Ce résultat écrasant était dû en grande partie à notre déclaration du 6 juillet. Olozaga et Strat n’auraient pas réussi dans leur tentative, et n’en eussent même pas conçu l’idée sans les facilités que leur donna notre ultimatum courageux. Nigra l’a reconnu : « La renonciation du prince doit être attribuée principalement à son désir d’épargner une conflagration à l’Europe ainsi qu’à l’attitude décidée du gouvernement français[2]. » La déclaration avait secoué l’apathie des Cabinets en leur montrant le péril, réveillé les scrupules de conscience engourdis du Roi, inspiré au prince Antoine une crainte salutaire ; elle n’avait pas fermé la porte à la négociation, elle l’avait ouverte à deux battans.
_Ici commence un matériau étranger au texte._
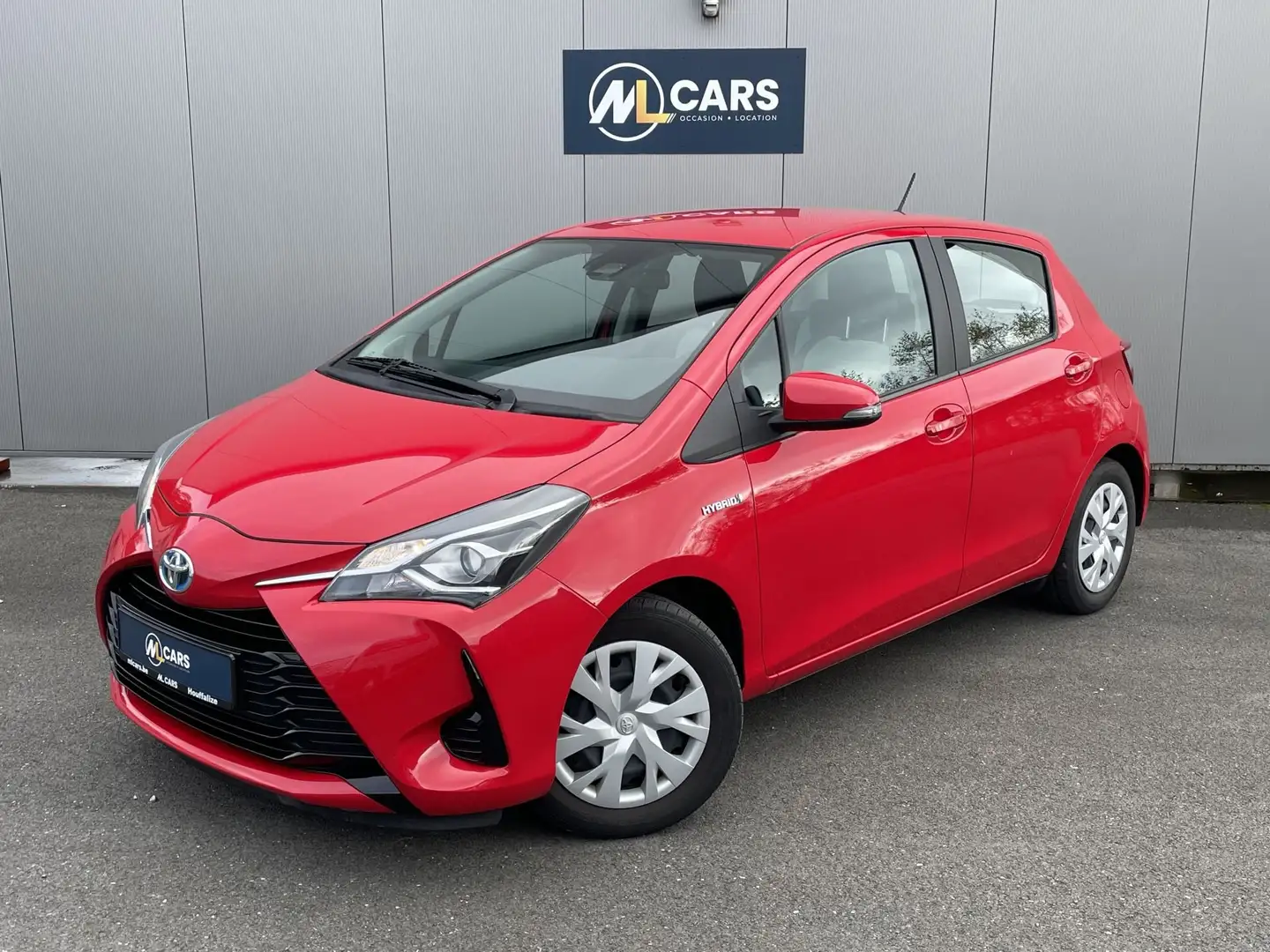 Toyota Yaris 5D. 1,5 HYBRID ACTIVE LHD Rouge - 1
Grâce à la souplesse avec laquelle nous l’avions utilisée elle nous avait obtenu ce que la mollesse du langage ou le traînant des pourparlers craintifs ne nous eût pas donné. Nous avions dit le 6 : Nous ne tolérerons pas une candidature Hohenzollern, et le 12 la candidature Hohenzollern avait disparu. Nous n’étions pas tombés dans le précipice que Bismarck avait creusé sous nos pas, nous l’y avions jeté lui-même. En l’apprenant, Guizot s’écria : « Ces gens-là ont un bonheur insolent : c’est la plus belle victoire diplomatique que j’aie vue de ma vie. » Et Thiers : « Avoir forcé la Prusse à reculer dans une entreprise que le monde croyait très intentionnelle de sa part, cet avantage restait immense… Nous sortions d’embarras par un triomphe ! Sadowa était presque réparé[3]. »

Quoique Bismarck fût un de ces vaillans qu’un incident

  1. Lenz, Geschichte, Bismarck, p. 349-350.
  2. Mars 1895.
  3. Déposition devant la Commission d’enquête sur le 4 septembre.